Datawarehouse containerization

We were asked to deliver something with regard to the data architecture and modeling to be used in the new datawarehouse of my employer. The organization is recently merged with another one, whereby systems and processes are still separated from the main data warehouse.

In the new environment, the following must be taken into account:

-the different cultures of the blood groups of the fusion partners.

-the organization that is spread over several locations and several departments.

-the existing landscape that must continue to deliver, the show must go on.

-the technology and the environment require a flexible set-up that can last for several years.

With regard to the cultures:

-The largest merger partner consists of a self-managing team of experienced employees with a more ad hoc way of working. Speed of work is central. Demand driven.

-The smallest merger partner consists of 2 teams that are organized according to the principles of a demand supply organization, so they do a lot with external hiring. They also provide the new management.

To address all these factors, we propose to address this as follows:

– Leave the current data warehouse intact, “the show must go on.”

– Add the data of the smallest merger partner as quickly as possible so that an unequivocal truth is created.

-To organize the total data landscape in containers with their own staff and their own possibilities to organize their work processes without other containers being affected by this. It is also easier to work with the OTAP street if there are no or at least clearly defined interfaces between those containers. Experience shows that otap testing processes that affect everything can hardly be done anymore. So we want to reduce the complexity. The linking pin between these containers should then be formed by the Meta data repository & job control center.

The containers that we see before us are:

–Self service BI / Dashboards based on star models, perhaps to a large extent simply copy from the already present models. Use an otap street for this Self Service BI container as standard.

–Data Science section this is easily forgotten but must be named. it seems to me that this should also be arranged with a development and production part. Unless nothing is produced and then this must also be clear. In principle this concerns science and long-term studies without guarantee of results.
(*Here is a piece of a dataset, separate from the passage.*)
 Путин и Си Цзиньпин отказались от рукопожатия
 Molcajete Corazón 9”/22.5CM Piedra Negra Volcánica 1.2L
–Applications. There is currently a development towards real-time information provision because the production system supplier no longer support any regular reports and there are major problems with the validation of registration. Operational provision of information and ad hoc data provides the organization with money so this is important. For realtime only flat tables are important, star modelling should not be used. Timeliness and lead time are important in this container.

–Meta data repository & job control center

An automated repository that maintains meta data, performance and usage of all components of the data warehouse for auditing and maintenance and prioritizing datawarehouse processes.

In principle, the boundaries between the containers are not fixed. The core of the split is that between an “old” unmanaged part and a “new” to be built managed container landscape. Depending on the success and degree of exploitation of these containers, shrinkage or growth, including the allocated FTE, the boundary between the containers can be moved.

So what is a container? 😉

Inspiration for the setup in containers comes from our practical experience within a large complex data warehouse environment and the developments within the cloud architecture. (see, for example, docker.com) Basically, this means stopping a certain group of data warehouse activities in 1 environment, including all dependencies so that people and resources do not get in each other’s way.

Step 1 of applying “containerization” is to put picket posts within the existing (largest) data warehouse environment.